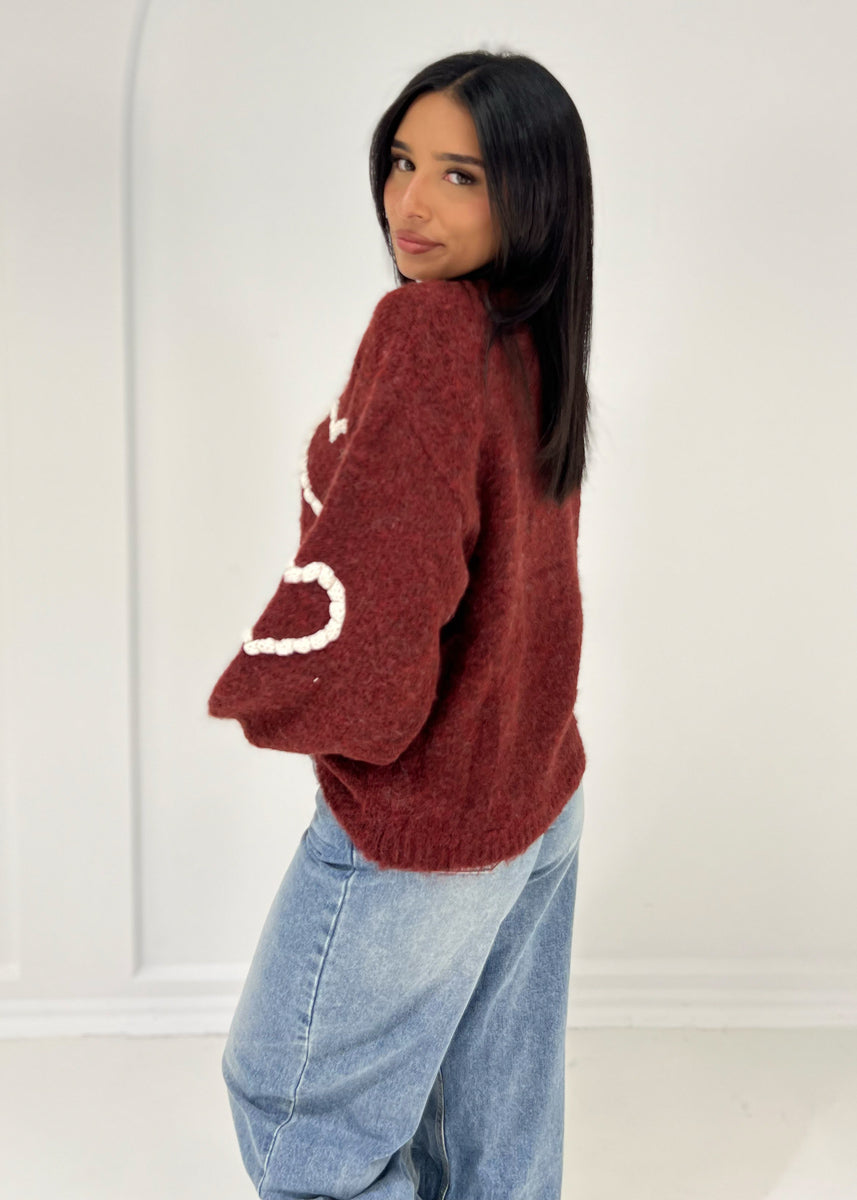 Strickpullover mit Herz-Muster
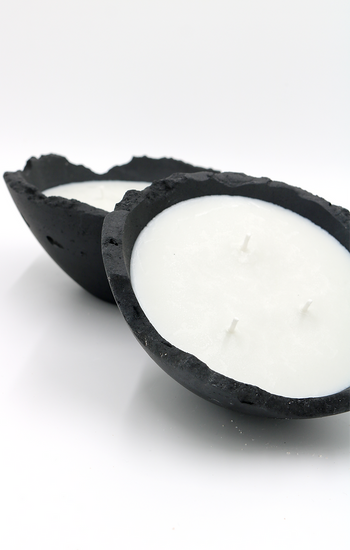 Concrete bowl in Eries collection soy wax scented candles made in Dubai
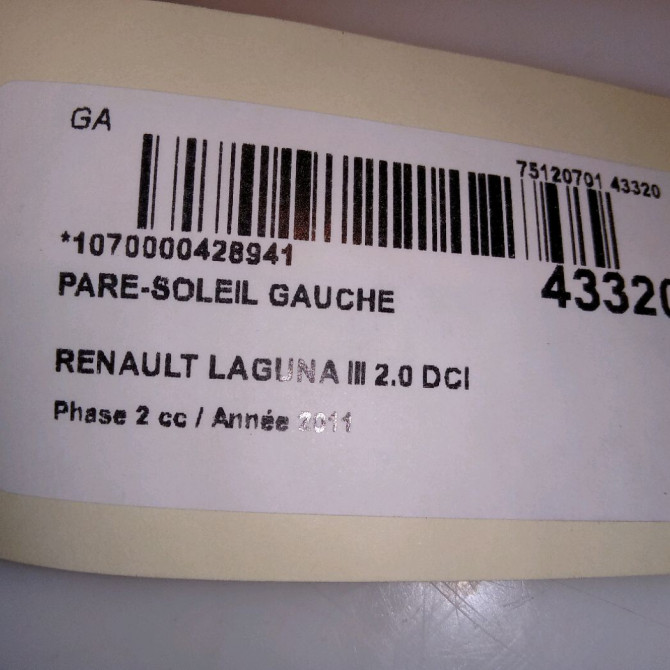Pare-soleil gauche occasion RENAULT LAGUNA III Phase 2 11-2010->03-2013 2.0 DCI 16v 130ch 964010003R 4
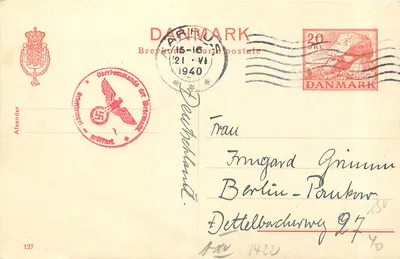 Dinamarca — carta postal datada de 21 de junho de 1940 — editada por Danmark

Problem: Leave out the pictures and output the rest of the material exactly as written.

The answer:
 Strickpullover mit Herz-Muster
 Concrete bowl in Eries collection soy wax scented candles made in Dubai
Pare-soleil gauche occasion RENAULT LAGUNA III Phase 2 11-2010->03-2013 2.0 DCI 16v 130ch 964010003R 4
 Dinamarca — carta postal datada de 21 de junho de 1940 — editada por Danmark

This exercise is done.